Among its claims to fame, Stegosaurus was made the official state fossil for Colorado on April 28, 1982, after a two-year campaign begun by a class of 4th graders and their teacher Ruth Sawdo at McElwain Elementary School in Thornton, Colorado. [6] The first fossils of Stegosaurus were discovered in Colorado in 1877, a year after the state entered the Union (1876). [7]
The famous 20th century American sculptor Alexander Calder designed a 50-foot-tall by 32-foot-wide abstract metal sculpture in 1972 known as "Stegosaurus". [8] Fabricated by the Segre Iron Works and constructed out 45 steel plates bolted together, the monumental piece, painted a bright orange-red, was installed in Burr Mall in Hartford, Connecticut in 1973, placed near a fountain as if to suggest an animal approaching for a drink. [9] The work was commissioned as a memorial to Alfred E. Burr, who founded the Hartford Times newspaper in the 19th century.

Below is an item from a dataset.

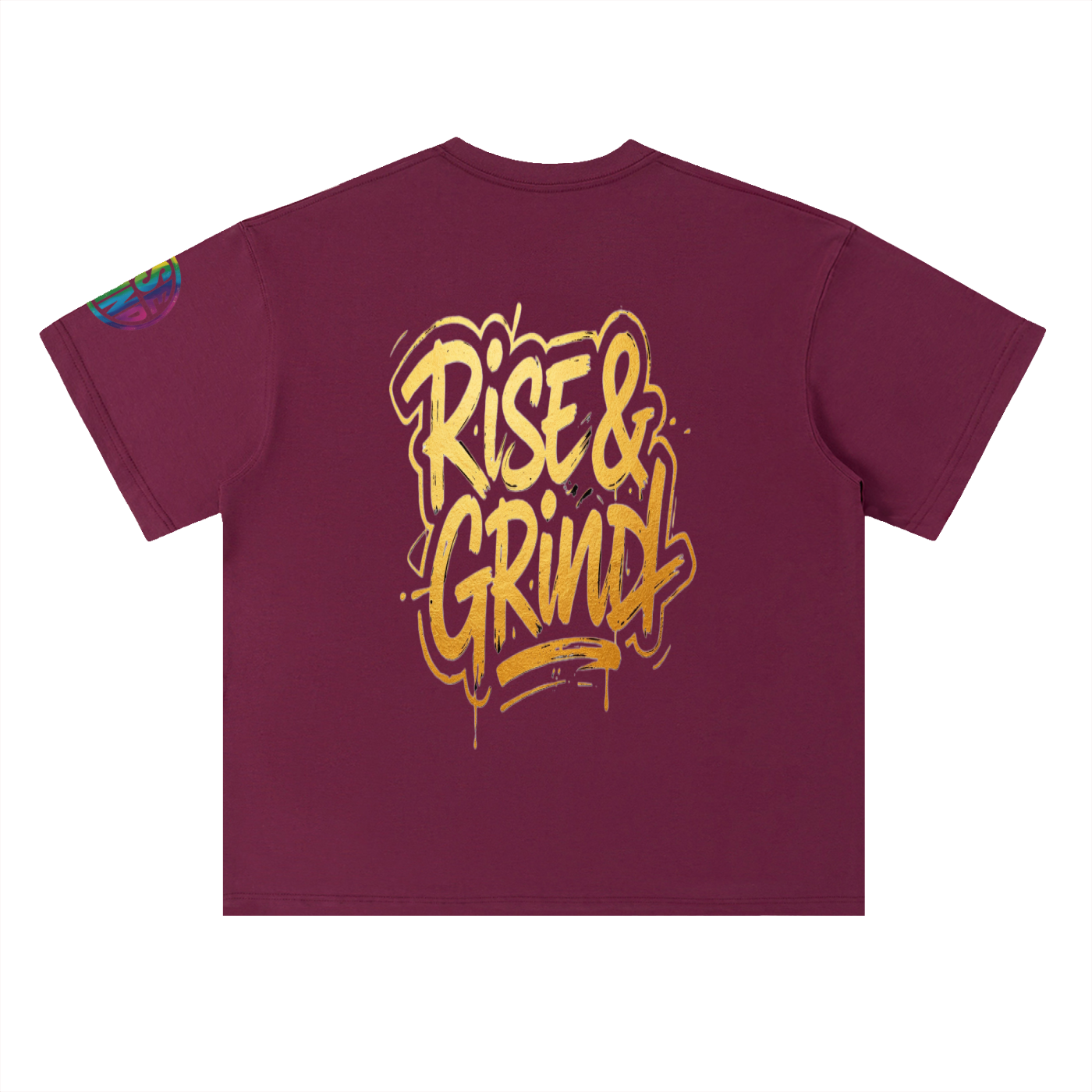 Heavyweight Drop Shoulder Cotton T-Shirt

The British botanist and writer Nicholas Guppy reportedly saw the planned abstract sculpture with enlarged triangular projections at an early development stage and observed that it "looked like a prehistoric monster", a comparison that inspired the name "Stegosaurus". [10] A small-scale maquette version of the steel sculpture, measuring 13-feet-tall and 14-feet-wide, now stands outside the Toledo Museum of Art in Ohio. [11] Also called "Stegosaurus" and painted bright orange-red, the preparatory stage work had been installed at the University of Connecticut Health Center in Farmington in 1975, but was sold at auction in 2000 for $4.1 million to the Toledo Museum of Art. [12]

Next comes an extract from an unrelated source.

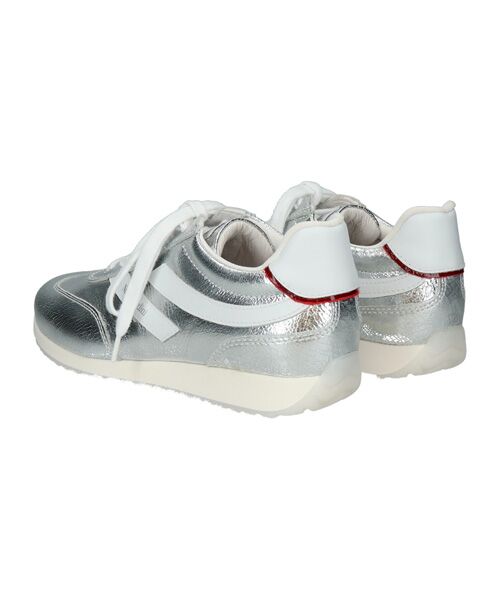 INTER-CHAUSSURES / インター ショシュール スニーカー | 【NeroGiardini】サイドラインメタリックレザースニーカー | 詳細3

Due to the fragmentary nature of most early Stegosaurus fossil finds, it took many years before reasonably accurate restorations of this dinosaur could be produced. The earliest popular image of Stegosaurus was an engraving produced by the French science illustrator Auguste-Michel Jobin, [13] [14] which appeared in the November 1884 issue of Scientific American and elsewhere, and which depicted the dinosaur amid a speculative Morrison age Jurassic landscape. Jobin restored the Stegosaurus as bipedal and long-necked, with the plates arranged along the tail and the back covered in spikes. This covering of spikes might have been based on a misinterpretation of long, cylindrical teeth in rows found with the fossils bones, distinct from the compressed teeth found in a jaw fragment, as noted by Marsh in his initial 1877 description of Stegosaurus armatus. Marsh thought the apparent cylindrical teeth might turn out to be small dermal spines, similar to those of some types of fishes. In 1884, however, he reidentified the cylindrical teeth found with the first Stegosaurus bones as those of the sauropod dinosaur Diplodocus , later given the species name Diplodocus lacustris. [15] Work at the original fossil site in 2013 revealed that the teeth in fact came from part of an Apatosaurus skull, missed by the original 1877 excavation of the Quarry 5 site. [16]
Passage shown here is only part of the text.